You can't always get what you want. But sometimes, you get what you need.
- The fastest-trace-in-town? No chance anyway. But pretty fast is cool.
- Super-slim super-compressed files? Nah. But deep down we know that size does matter.
- The richest feature set? Hmmm. Self-describing, extensible is nice.
OK, but what aims are 'rock-hard'?
- As many people as possible benefit. From acquisition to interpretation, from university to contractor, from researcher to IT professional, from beginning student to the highly experienced software developer.
- Data once written will be readable. Always. And you know what you're getting. Always.
- The library is easy to use. As easy as possible. Not easier than that.
There are no hidden agenda's. If you're in, you will strive to help the aims set above. Employers, money, old habits? In doubt, you go against those. Just to keep a clean conscience.

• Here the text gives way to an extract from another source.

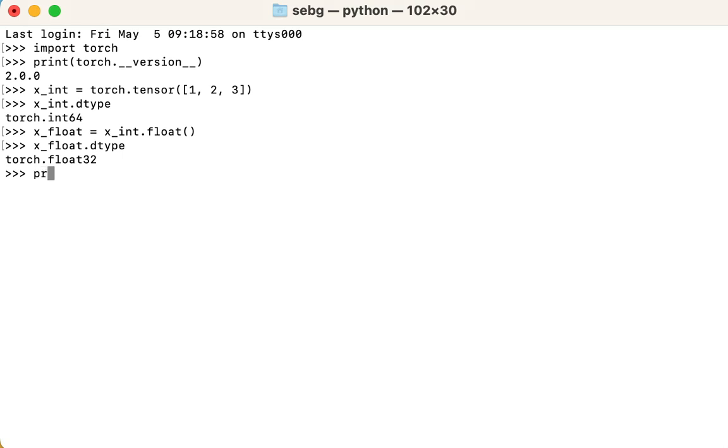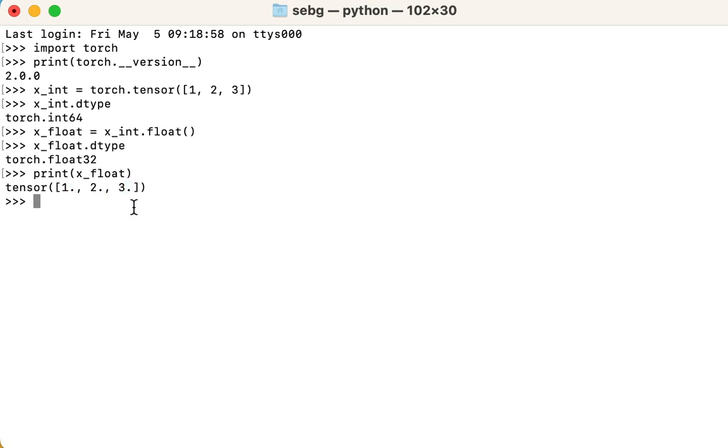Lastly, let's print the tensor to visually check it out. We can see a decimal point whereas before we couldn't see the decimal points in the integers. Perfect. We were able to use PyTorch's float method to convert a PyTorch tensor to a float tensor.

You can sit behind your screen and specify formats and interfaces days, weeks, months - until you're blue in the face. Documents grow, and every model you make is more beautiful than the previous. Then finally, your models are good enough so you can start programming. Oops. Within a few days you've proven that your models are wrong. You've learned the hard way what thousands of professionals ignore day-in-day-out: it doesn't work that way.
Specifications in our sort of environments develop during actual software development. What you can do, is make one or a couple of documents scanning the problem domain, identifying what kinds of problems are the likely ones that need to be grappled with. Things like: what sort of data and procedures are common in acquisition, processing and interpretation? How does this differ from research to hard-core production work? Or this one: what computer language(s) is/are the target(s)?
Therefore, we'd need input from many sides, from people who are willing to put aside their economic, emotional and historical stakes - but rather approach the problem from the more philosophical side. The result is an inventory of knowledge, tensions, existing techniques, resources, visions, ... and take it from there.
Then, start cracking. The Open Source way is to specify by implementing. A function that works is worth a thousand words of specification. Read about the Agile way, and pick up the good bits. Keep communicating, and improving. Prepare for change; in particular, make sure the data versioning system is brilliant. Contribution is great but keep the evil forces away.
Why do this? Why invest time and effort? There are free libs around. Pick one and get over it.
- What are these zillion other routines? When will the build finish?
- Everybody can see that my lib is the best. Other people must be idiots!
- Oh, I thought it was free and open and LGPL?
- Duh! This stuff is hard!
- This code must have been made when seismograms were still analog!
- Huh? They now adopted some kind of brain-dead 'standard'?
Let's face it. Seismic data needs a base library with no strings attached. It needs to be free and usable. It needs to be neutral. It needs to get the job done. We need to make it.